Write out all of the records precisely. Skip anything that is a picture.
==== Information supplied
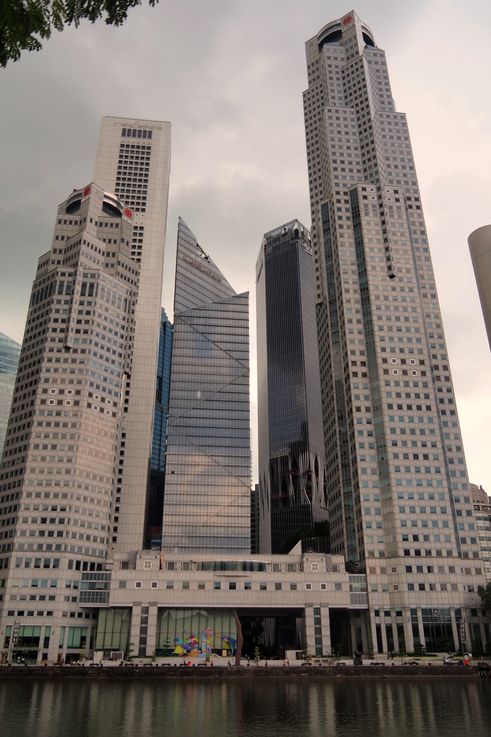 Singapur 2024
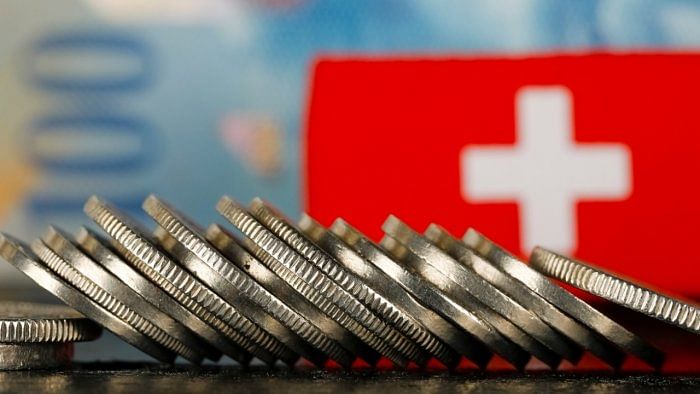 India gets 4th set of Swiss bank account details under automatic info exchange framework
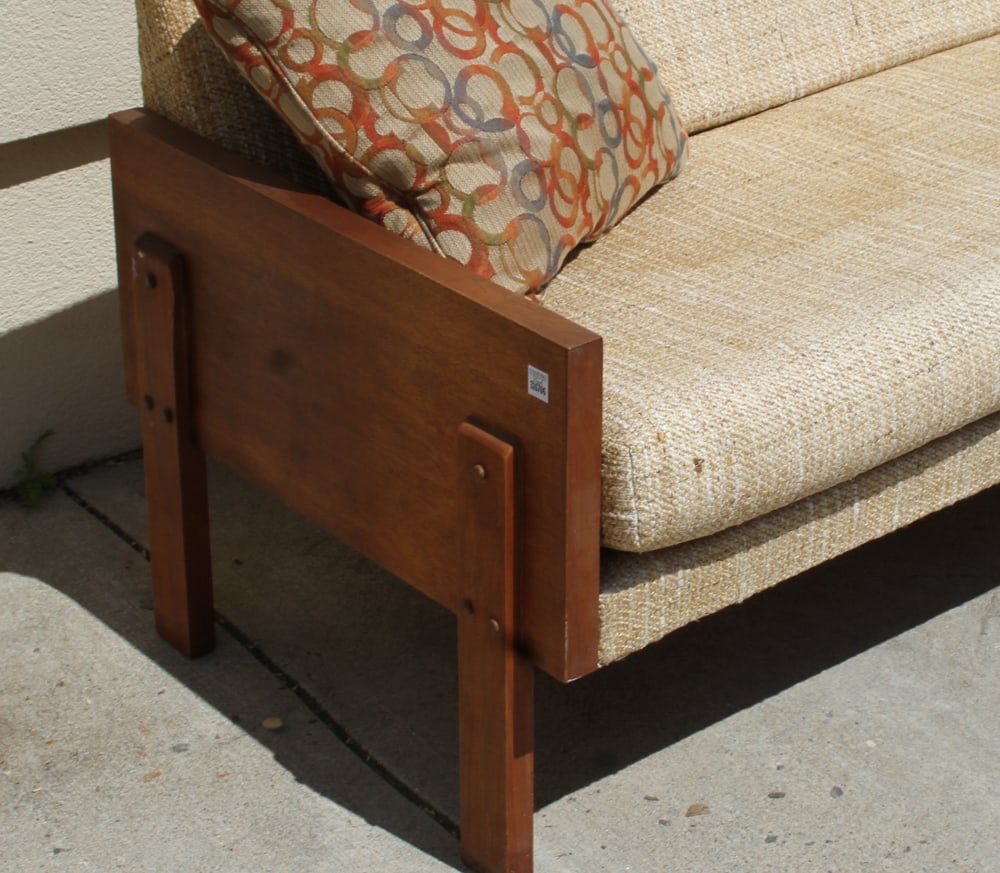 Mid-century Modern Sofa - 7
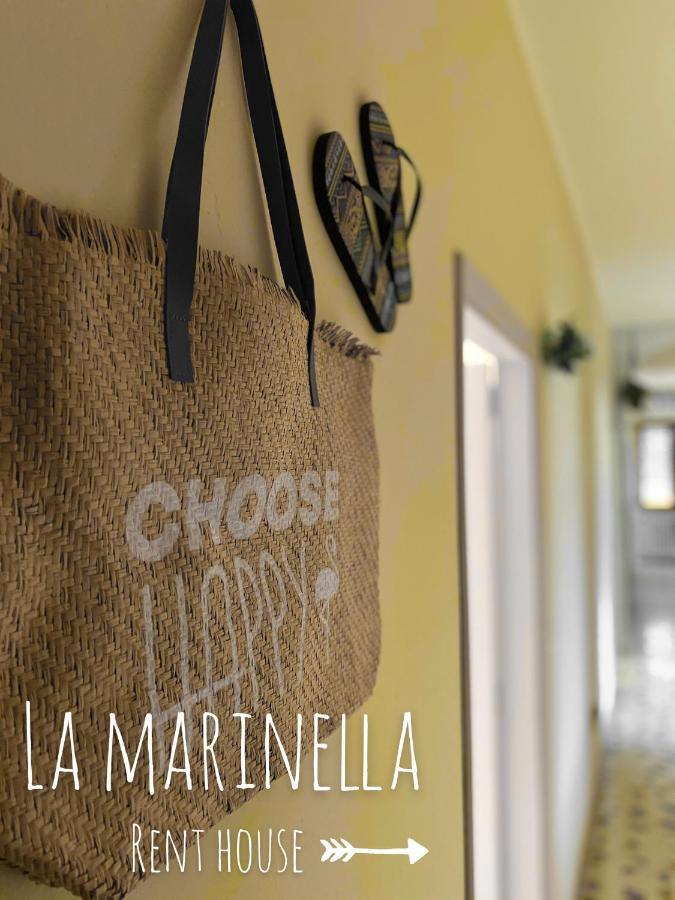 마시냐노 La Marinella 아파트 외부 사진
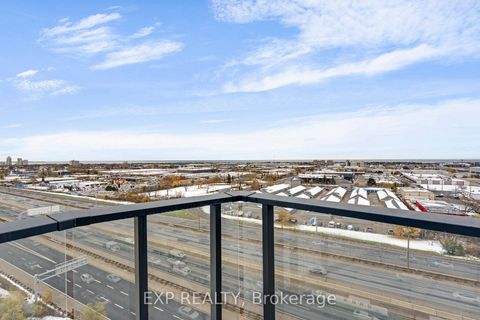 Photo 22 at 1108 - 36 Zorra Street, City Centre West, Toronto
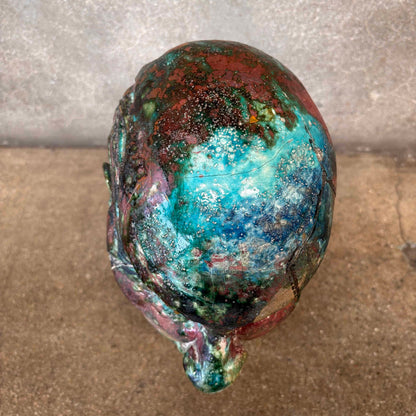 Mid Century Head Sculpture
========
## Exercise solution
 Singapur 2024
 India gets 4th set of Swiss bank account details under automatic info exchange framework
 Mid-century Modern Sofa - 7
 마시냐노 La Marinella 아파트 외부 사진
 Photo 22 at 1108 - 36 Zorra Street, City Centre West, Toronto
 Mid Century Head Sculpture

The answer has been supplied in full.